Last year I had a weaver style base attached to the top part of my gun which was drilled and tapped by Browning before I purchased the gun. Well once I mounted the base to the shotgun I put on my scope rings and then attached the scope. For at least 1.5 years this has worked perfectly. One day after a hunt I noticed that my scope was very loose. I checked it over and found out the threads on top of the gun were stripped. I was extremely upset since this would hold me back until I could figure out something. I took it to a gunsmith and he said it would take him up to 4 weeks to be able to do anything, so I settled for a B-Square in the mean time. I mounted it on and it worked perfectly fine until this past week. 

This past week I was hunting in Iowa with my cousin when I had two super nice longbeards at 30 yards and I pulled the trigger. I knew surely they would be dead, but after the shot those two birds flew away. I looked at my gun and noticed how loose my scope was. I once again started cursing at myself and was extremely upset with how bad my equipment wasn't working. When I got back to my truck I looked at my scope and the saddle was loose at its screws. I tried tightening it down and noticed that the threads on the screws were stripped. Once again another issue with using a scope. I figured that the force from the blast is just stripping the screws. The screws for the B-Square mount were also bent...I really can't figure that one out either, so I'm coming to the gunsmithing discussion forum looking for some advice if anyone has had such an issue. 

If anyone could help me resolve this...it would be greatly appreciated. Take care and God bless.

David


----------



## NOYDB (Apr 19, 2009)

Just a first guess. You're over tightening your screws. Get a torque screw driver and trust it.

I say this because, with you having the same problem with two different types of mounts. Mounts that work for zillions of others. The only thing unique and in common, is *you*.


----------



## gobble157 (Apr 19, 2009)

NOYDB said:


> Just a first guess. You're over tightening your screws. Get a torque screw driver and trust it.
> 
> I say this because, with you having the same problem with two different types of mounts. Mounts that work for zillions of others. The only thing unique and in common, is *you*.




Well, to be honest...I took my gun into a local gunsmith to mount both options and then have them bore sighted, so it wasn't the *you* factor. I will make sure he used a torqued screw driver to see if this was the issue. 

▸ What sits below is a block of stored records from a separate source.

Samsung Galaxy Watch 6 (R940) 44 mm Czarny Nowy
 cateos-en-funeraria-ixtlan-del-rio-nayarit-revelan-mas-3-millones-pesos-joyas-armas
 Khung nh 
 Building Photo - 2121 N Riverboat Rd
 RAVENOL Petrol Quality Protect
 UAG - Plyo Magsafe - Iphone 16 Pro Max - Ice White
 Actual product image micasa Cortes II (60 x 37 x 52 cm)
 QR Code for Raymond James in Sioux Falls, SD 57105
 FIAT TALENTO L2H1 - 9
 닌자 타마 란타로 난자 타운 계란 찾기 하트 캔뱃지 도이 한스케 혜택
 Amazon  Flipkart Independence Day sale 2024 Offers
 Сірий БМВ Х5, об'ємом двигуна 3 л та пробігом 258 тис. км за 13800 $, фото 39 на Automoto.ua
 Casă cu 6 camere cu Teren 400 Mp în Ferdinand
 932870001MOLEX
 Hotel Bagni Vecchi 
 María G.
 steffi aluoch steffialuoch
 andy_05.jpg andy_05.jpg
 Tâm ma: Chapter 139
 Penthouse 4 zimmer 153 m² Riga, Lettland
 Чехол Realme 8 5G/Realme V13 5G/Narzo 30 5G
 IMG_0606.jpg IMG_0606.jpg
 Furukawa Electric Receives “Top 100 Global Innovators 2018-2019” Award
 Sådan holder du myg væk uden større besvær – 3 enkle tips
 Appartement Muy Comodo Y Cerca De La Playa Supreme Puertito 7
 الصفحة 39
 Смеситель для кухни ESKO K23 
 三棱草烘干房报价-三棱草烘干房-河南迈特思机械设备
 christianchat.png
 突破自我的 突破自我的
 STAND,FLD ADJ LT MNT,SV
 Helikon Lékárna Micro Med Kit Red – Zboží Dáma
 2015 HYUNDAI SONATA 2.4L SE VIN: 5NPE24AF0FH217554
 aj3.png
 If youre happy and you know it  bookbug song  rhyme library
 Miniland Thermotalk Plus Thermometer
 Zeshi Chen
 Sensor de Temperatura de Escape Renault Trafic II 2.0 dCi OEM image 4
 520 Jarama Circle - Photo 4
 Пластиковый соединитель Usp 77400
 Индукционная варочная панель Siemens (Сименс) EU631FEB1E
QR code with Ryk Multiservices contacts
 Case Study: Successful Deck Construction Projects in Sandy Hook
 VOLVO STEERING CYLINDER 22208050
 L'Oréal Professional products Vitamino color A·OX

Do you think if a gunsmith drilled and tapped a larger size for the screws would this would help?


----------



## NOYDB (Apr 19, 2009)

Perhaps, go to a different smith. 

There's several options.

Filling the holes and re-drilling. Requires someone experienced doing that.  

Drilling holes at a new location for the weaver mounts.

And as you suggested, tapping the holes for larger screws.

I'd want to know if this smith is really set up to do machine work and has the tools and experience. 

Just viewing it from the outside, I'm wondering why it happened twice to two different style mounts. Usually the problem is taking them off. Worrying about stripping out the screw head breaking it loose.

I'd ask a lot of questions before letting him procede.


----------



## rayjay (Apr 19, 2009)

What shells are you using ?  If you are using 3 or 3.5" shells it will take some specialized mounts to stand up to the recoil. Big screws and a steel base.  Lots of big screws.

The receiver may not be thick enough to withstand the recoil. You may have to thread the steel base and put the screws in from the underside. This will require countersunk screw heads. If the receiver is made of aluminum I doubt you will ever come up with a long term solution.


----------



## bobman (Apr 19, 2009)

Use a gas operated auto if you aren't already, and braze or silver solder on the mounts


----------



## gobble157 (Apr 19, 2009)

rayjay said:


> What shells are you using ?  If you are using 3 or 3.5" shells it will take some specialized mounts to stand up to the recoil. Big screws and a steel base.  Lots of big screws.
> 
> The receiver may not be thick enough to withstand the recoil. You may have to thread the steel base and put the screws in from the underside. This will require countersunk screw heads. If the receiver is made of aluminum I doubt you will ever come up with a long term solution.



Yeah, I'm using 3.5" shells by Nitro Company. They kick like a mule and I'm pretty darn sure this is the main reason this is happening to me. The receiver is probably 1/8 of an inch thick. I have a Browning Gold NWTF edition and it's an extremely stable gun. I'll look into having the screws come in from the underside. I'll possibly send it back to browning had have them do the work since it is a Browning gun. 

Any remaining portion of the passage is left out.